> [Exercise objective] Within the entries below, please retype exactly the lines starting with the line that has "Medaille 200 Jahre Staatstheater Braunschweig" and going on through the line that has "One city one", but not the pictures.

> [Material for the task]
┌──

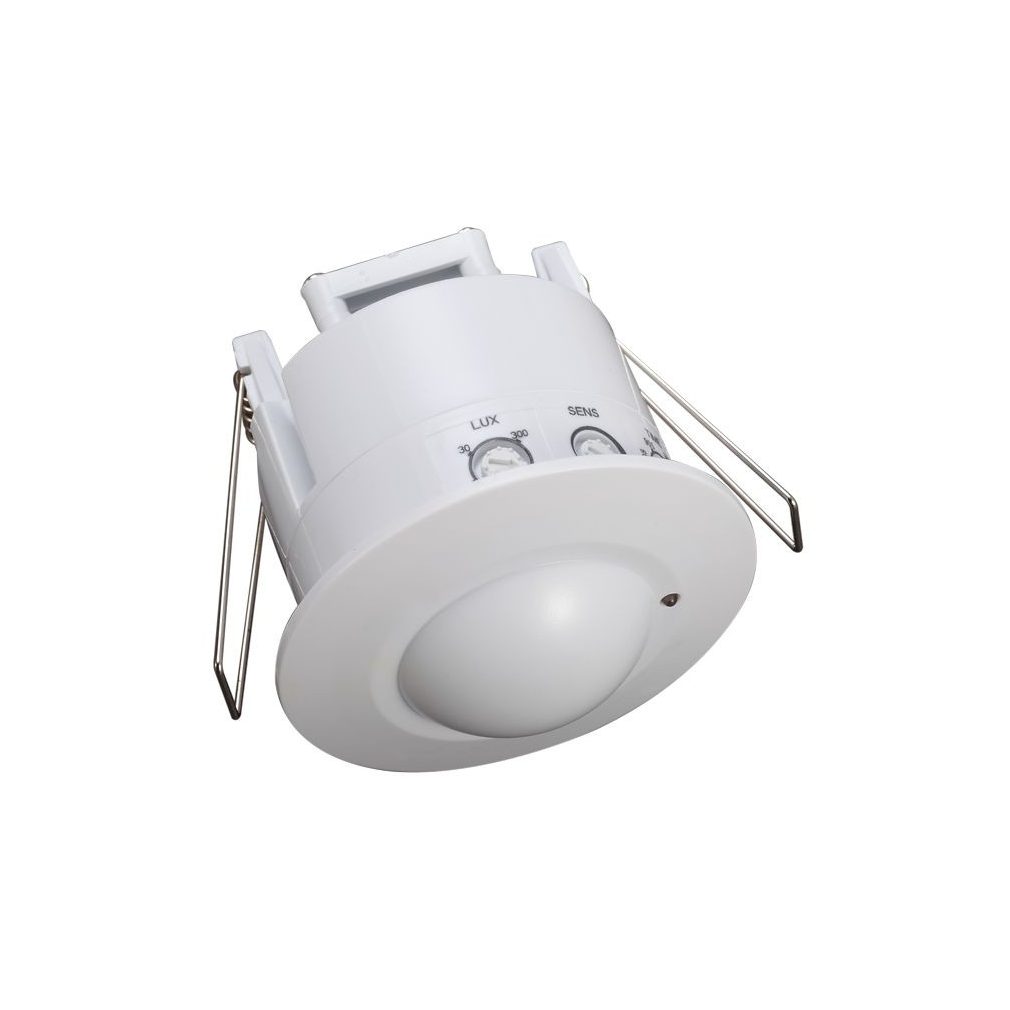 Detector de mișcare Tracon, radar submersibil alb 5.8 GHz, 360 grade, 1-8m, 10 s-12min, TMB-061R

└──
┌──

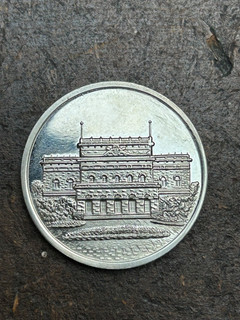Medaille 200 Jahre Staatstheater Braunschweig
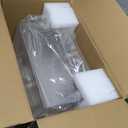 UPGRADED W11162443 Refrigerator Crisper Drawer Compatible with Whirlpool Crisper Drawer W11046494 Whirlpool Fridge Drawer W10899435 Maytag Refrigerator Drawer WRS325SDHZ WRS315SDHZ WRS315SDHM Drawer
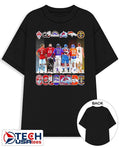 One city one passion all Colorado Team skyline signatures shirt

└──

> [Result of the exercise]
Medaille 200 Jahre Staatstheater Braunschweig
 UPGRADED W11162443 Refrigerator Crisper Drawer Compatible with Whirlpool Crisper Drawer W11046494 Whirlpool Fridge Drawer W10899435 Maytag Refrigerator Drawer WRS325SDHZ WRS315SDHZ WRS315SDHM Drawer
 One city one passion all Colorado Team skyline signatures shirt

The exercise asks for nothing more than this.